*Web page caption snippets*:
+++

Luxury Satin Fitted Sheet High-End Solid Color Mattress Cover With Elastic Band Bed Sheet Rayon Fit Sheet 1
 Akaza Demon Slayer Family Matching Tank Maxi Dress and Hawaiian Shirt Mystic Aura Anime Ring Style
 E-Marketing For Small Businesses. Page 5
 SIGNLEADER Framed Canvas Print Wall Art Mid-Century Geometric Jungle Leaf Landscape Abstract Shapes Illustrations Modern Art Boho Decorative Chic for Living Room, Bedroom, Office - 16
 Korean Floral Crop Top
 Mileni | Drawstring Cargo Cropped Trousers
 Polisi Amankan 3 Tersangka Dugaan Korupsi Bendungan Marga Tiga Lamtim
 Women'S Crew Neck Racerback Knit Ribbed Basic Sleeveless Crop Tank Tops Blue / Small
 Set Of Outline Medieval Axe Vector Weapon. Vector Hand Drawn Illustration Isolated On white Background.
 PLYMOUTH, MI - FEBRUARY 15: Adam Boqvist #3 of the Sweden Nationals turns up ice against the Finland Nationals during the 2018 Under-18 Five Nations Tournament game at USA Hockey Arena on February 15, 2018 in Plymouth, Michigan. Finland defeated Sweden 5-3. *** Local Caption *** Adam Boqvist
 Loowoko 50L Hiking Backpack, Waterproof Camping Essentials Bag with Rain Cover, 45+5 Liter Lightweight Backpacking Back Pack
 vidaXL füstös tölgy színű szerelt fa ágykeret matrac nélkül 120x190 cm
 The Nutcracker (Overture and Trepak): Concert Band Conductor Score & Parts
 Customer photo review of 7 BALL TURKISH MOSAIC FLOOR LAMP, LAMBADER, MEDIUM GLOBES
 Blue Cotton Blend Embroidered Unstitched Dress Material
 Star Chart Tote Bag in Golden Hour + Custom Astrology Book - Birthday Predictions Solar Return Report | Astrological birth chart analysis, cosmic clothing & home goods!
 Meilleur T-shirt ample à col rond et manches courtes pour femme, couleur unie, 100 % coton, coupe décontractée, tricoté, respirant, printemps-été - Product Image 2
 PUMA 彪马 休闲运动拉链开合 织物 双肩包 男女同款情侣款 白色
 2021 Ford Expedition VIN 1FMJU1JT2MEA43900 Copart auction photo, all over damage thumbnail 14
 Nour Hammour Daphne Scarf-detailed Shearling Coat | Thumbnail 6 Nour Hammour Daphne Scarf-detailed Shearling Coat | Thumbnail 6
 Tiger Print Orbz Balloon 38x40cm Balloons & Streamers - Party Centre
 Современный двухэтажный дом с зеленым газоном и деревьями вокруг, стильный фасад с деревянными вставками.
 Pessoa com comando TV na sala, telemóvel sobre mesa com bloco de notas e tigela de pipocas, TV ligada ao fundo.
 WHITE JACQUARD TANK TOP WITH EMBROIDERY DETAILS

+++

*WHAT THE EXERCISE ASKS*: Return only the lines above that run from the opening line through the line containing "Set Of Outline", exactly as written.

*REPLY TO THE TASK*:
Luxury Satin Fitted Sheet High-End Solid Color Mattress Cover With Elastic Band Bed Sheet Rayon Fit Sheet 1
 Akaza Demon Slayer Family Matching Tank Maxi Dress and Hawaiian Shirt Mystic Aura Anime Ring Style
 E-Marketing For Small Businesses. Page 5
 SIGNLEADER Framed Canvas Print Wall Art Mid-Century Geometric Jungle Leaf Landscape Abstract Shapes Illustrations Modern Art Boho Decorative Chic for Living Room, Bedroom, Office - 16
 Korean Floral Crop Top
 Mileni | Drawstring Cargo Cropped Trousers
 Polisi Amankan 3 Tersangka Dugaan Korupsi Bendungan Marga Tiga Lamtim
 Women'S Crew Neck Racerback Knit Ribbed Basic Sleeveless Crop Tank Tops Blue / Small
 Set Of Outline Medieval Axe Vector Weapon. Vector Hand Drawn Illustration Isolated On white Background.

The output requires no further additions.